→ Information shown
.....
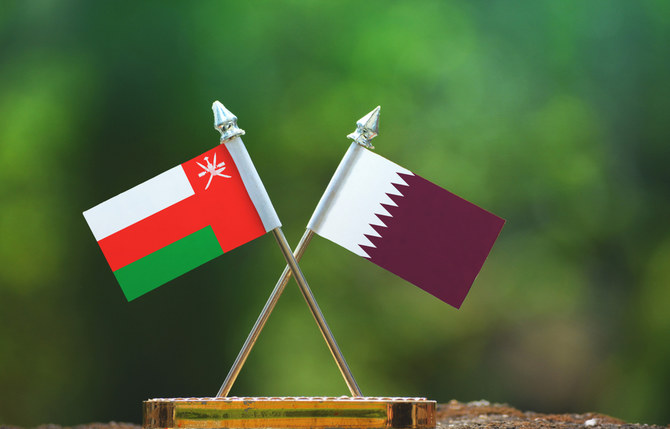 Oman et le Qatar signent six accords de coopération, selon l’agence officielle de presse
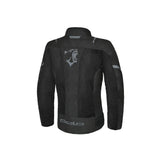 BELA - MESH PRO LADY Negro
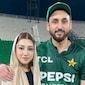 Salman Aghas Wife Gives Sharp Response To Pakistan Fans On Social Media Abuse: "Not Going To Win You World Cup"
.....
→ Work instructions
Give the listing above again exactly, minus any images.

→ Reply
 Oman et le Qatar signent six accords de coopération, selon l’agence officielle de presse
 BELA - MESH PRO LADY Negro
 Salman Aghas Wife Gives Sharp Response To Pakistan Fans On Social Media Abuse: "Not Going To Win You World Cup"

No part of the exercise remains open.